To collect data about the Papago way of life and Chona, Ruth Underhill asked many questions. She was very forward with her questions at first because she had not yet known the Papago way of life, such as asking the name of Chona's dead son and not knowing that the name of the dead are not said out loud. Underhill integrated her life into that of the tribe. In the 3 years she stayed there she learned much through this method. She studied the language and Papago method of breathing by listening to the way they say their words and learned how they pronounce r's as l's and f's as p's. She also used translators along the way.

Part one of the Papago woman describes Ruth Underhill's first encounter with the Papago people. Ruth goes to Tuscon, Arizona on a grant from Colombia University, the college she was attending, to live amongst this native american tribe in the southwest. Underhill drives to Arizona and meets a few friends living in Tuscon who tell her about the tribes people . They tell her how a few Papago come to their homes looking for work. They describe them as soft-spoken, brown people. Underhill inquired about any of the english speaking Papago she could meet. She is then introduced to a yardman, Rafeal, or Lapai in the language of his people.
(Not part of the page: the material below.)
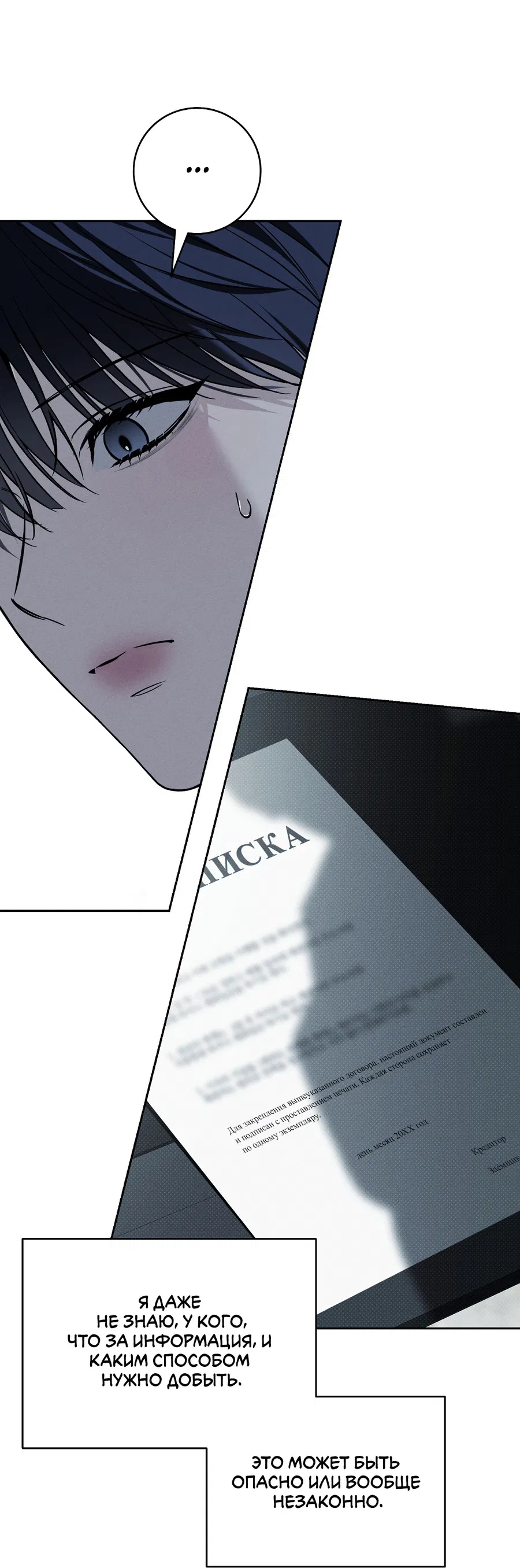 Манга Зимний сезон - Глава 8 Страница 33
Lapai in turn takes her to meet a woman named Chona who lives on a reservation in an unfurnished dwelling, similar to that of a cellar. Ruth listens with intent as Chona talks. Lapai translates the conversation for her. Throughout her stories, Ruth notices that Chona talks about how it used to be when she was a child. Ruth asks Chona about her family. She learns that Chona had two sons and a daughter but one son who was a medicine man died, the other is in Mexico, and the daughter got married and moved away. Ruth asks the name of Chona's dead soon and is met with an uncomfortable silence. Lapai tells Ruth that Chona had a sister who married a man named Lillat, whom she calls “husband-of-my-sister,” but died and Lillat was remarried with children (Underhill 5). They decided to go on a trip to visit Lillat and his family who lived far out on the reservation away from government headquarters. Soon they set out but not before the rest of the people living around Chona tried to all hitch a ride with Ruth to see Lillat.
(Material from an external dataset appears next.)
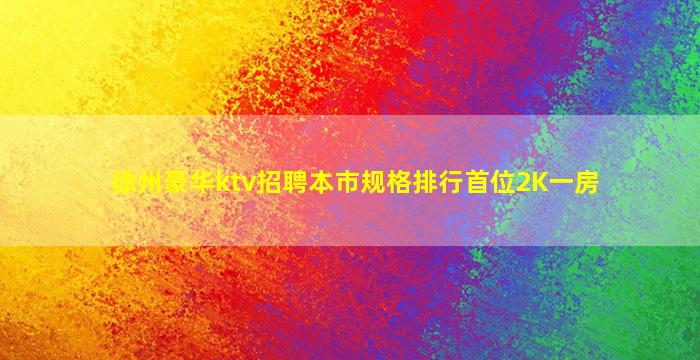 北海夜总会招聘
On the way, Ruth learned much about the land as the Papago know it. She learns about eating cholla during the dry season, or “hungry time,” (Underhill 8). Chona points to a white rock and tells Ruth about the kidnapping of the Papago woman by the Apache during the fall when the corn was ripe. Chona also mentions Coyote and I'itoi who are very important people in Papago stories of history. “Coyote,” she said, “helped put the world in order. Only he made mistakes,” (Underhill 9). She would not talk further about Coyote because, “These things about the Beginning are holy. They should not be told in the hot time when the snakes are out. The snakes guard our secrets. If we tell what is forbidden, they bite,” (Underhill 9). A few hours later they arrived at Lilliat's adobe home. In true Papago fashion, they waited to be welcomed. They all stood across from each other smiling. Lapai and Ruth were never introduced but instead were greeted with kind smiles of gratitude. She learned that the Papago do not believe in sayings superficial things such as...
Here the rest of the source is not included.